From Zoom to Campus, Students Noticing New Academic Challenges

Photo+courtesy+of+Alexis+Weiss

Photo courtesy of Alexis Weiss

Alexis Weiss, Reporter

This past year of online school with one-semester long courses, flexible deadlines, and the ability to cheat, has left students unprepared and struggling to pass classes this year back on campus.  Some teachers are also finding that students are behind in topics they should already have mastered. 

Last year, Novato High implemented a 4×4 schedule, which turned year-long classes into semester-long classes. This means​ the concepts that students learned the first semester haven’t been reviewed in months.

“I don’t remember anything from English or History because I took them my first semester,” NHS junior Clark Schutz said. 

Junior Molly Wiens agreed. 

“Going into Spanish-4 a year after taking Spanish 3 online has been difficult as we missed out on so much of the communication component of the class last year,” Wiens said.

Another reason students are falling behind is because of the accelerated pace of the class, which prevented all the material from being covered. Students are now finding there were holes in the curriculum. 

“The at-home environment of last year was so much easier… [Now] everyone is so under-prepared,” junior Zane Marchi said. “It feels like we are doing catch-up work in class.” 

Many students agreed. 

“I think with online school, we all got used to having two classes a day and teachers weren’t expecting as much out of us, given the circumstances,” Wiens said.

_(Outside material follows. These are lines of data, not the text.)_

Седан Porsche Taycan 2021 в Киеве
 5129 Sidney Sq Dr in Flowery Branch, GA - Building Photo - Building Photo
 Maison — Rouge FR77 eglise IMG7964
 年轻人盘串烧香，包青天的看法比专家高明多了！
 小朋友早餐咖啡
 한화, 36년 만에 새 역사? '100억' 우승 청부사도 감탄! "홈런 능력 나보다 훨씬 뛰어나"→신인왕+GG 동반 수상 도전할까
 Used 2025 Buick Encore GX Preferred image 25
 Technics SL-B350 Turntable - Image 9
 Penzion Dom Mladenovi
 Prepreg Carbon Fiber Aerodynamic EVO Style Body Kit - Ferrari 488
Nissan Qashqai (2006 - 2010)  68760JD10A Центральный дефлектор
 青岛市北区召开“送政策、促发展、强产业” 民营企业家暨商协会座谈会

And while the schedule impacted student learning, Zooming into every class also made it challenging to understand what was going on. Many students found it easy to tune out what was happening on their screen and find other distractions while at home. 

When asked if they felt like online school prepared them for this year, almost every student interviewed said “no.” 

“Online school 100% didn’t prepare me for junior year,” Novato High School junior Taylor Wong explained. “I respect how lenient teachers were last year, given the circumstances, but with the new year, I feel very overwhelmed with my classes… [teachers] did their best teaching the full curriculum in a semester, but the workload has been substantially harder and larger than last year.”

Teachers feel the same way after seeing kids walk into their classes unable to perform tasks they should have mastered last year. 

Novato High School math teacher David Blair shared his opinion. 

“In my pre-calculus class, we talk about circles, and circles were one of the things that we had to cut out of geometry last year,” said Blair. “So I don’t blame the students.” 

He went on to describe why he thinks students are falling behind. 

“I think human nature kicks in at some point when it’s just too easy to get answers from friends and look answers up online. I think we all probably would have done it if we had been in the same space and I don’t know if there was any way to stop that,” he said. “And first off, when they made classes double periods, they weren’t really double. Double periods would have been 100 minutes, and they were 90. Second of all, it’s online, and third, sitting and learning for anybody at any age for 90 minutes is not an easy task.”

So are students underprepared for this year or did they get into habits that were so different from in-person school, that they just need to retrain those learning muscles now that they’re back? 

The answer is both. 

From material being cut out of the curriculum to students finding easier ways around assignments to shorter class times and it all being online, students are struggling to find their way again throughout this recent transition back to campus.